### WHAT YOU SHOULD DO:
Lines from the records below that contain the word "White" are to be copied out.
################
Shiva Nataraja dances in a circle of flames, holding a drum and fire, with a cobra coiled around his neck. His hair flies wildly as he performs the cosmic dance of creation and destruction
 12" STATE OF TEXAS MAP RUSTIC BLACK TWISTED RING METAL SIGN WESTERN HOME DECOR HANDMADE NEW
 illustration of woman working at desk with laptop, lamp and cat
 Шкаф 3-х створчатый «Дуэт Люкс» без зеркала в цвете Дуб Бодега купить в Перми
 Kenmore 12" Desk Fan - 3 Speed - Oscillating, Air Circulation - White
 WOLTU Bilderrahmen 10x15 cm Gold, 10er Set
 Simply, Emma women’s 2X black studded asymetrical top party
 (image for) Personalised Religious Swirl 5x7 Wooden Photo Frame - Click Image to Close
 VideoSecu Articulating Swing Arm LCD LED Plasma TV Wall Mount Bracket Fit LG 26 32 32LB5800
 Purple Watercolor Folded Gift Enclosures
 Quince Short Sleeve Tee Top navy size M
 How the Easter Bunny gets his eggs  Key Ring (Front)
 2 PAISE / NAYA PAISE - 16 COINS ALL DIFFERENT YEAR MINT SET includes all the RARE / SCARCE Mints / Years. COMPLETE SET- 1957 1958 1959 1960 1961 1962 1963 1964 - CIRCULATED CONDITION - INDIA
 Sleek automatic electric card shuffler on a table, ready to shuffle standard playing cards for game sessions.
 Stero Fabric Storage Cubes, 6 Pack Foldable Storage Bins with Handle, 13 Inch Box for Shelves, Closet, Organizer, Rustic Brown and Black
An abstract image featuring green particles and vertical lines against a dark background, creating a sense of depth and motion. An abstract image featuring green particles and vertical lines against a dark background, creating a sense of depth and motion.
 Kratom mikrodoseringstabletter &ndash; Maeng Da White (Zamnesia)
################
### TASK OUTPUT:
 Kenmore 12" Desk Fan - 3 Speed - Oscillating, Air Circulation - White
 Kratom mikrodoseringstabletter &ndash; Maeng Da White (Zamnesia)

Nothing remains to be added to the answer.